Task
Spot each line in the records below where the word "Reconstruction" occurs, then copy it.

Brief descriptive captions
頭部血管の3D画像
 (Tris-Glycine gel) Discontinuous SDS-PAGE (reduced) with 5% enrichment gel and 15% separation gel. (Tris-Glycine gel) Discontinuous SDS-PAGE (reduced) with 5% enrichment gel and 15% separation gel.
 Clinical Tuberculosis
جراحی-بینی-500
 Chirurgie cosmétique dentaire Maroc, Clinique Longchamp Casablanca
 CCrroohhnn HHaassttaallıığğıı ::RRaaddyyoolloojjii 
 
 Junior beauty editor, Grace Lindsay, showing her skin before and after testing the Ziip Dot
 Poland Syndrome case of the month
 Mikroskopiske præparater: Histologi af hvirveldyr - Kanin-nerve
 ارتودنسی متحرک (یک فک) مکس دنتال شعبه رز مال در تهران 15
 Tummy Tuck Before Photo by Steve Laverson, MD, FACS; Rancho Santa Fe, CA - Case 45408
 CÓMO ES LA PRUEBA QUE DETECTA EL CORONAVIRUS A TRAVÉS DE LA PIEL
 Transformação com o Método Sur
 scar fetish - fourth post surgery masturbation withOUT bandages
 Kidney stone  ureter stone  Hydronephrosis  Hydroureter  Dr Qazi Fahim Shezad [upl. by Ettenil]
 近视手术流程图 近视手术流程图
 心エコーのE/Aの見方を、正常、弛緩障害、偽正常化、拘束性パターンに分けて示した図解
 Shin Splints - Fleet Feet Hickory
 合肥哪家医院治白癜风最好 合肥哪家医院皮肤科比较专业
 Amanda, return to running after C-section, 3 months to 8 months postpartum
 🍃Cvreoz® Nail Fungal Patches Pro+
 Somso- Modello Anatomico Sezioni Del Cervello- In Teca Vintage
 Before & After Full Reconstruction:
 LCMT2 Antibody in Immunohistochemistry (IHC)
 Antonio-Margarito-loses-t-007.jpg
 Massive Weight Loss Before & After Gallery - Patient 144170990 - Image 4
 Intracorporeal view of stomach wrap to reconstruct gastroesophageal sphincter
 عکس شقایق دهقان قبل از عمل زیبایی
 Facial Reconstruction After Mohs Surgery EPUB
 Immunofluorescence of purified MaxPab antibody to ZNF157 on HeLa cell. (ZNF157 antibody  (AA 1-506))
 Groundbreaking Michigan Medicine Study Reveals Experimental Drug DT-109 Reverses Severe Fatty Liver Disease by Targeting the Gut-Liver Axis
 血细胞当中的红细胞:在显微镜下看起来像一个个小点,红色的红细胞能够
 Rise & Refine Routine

Exercise solution
 Before & After Full Reconstruction:
 Facial Reconstruction After Mohs Surgery EPUB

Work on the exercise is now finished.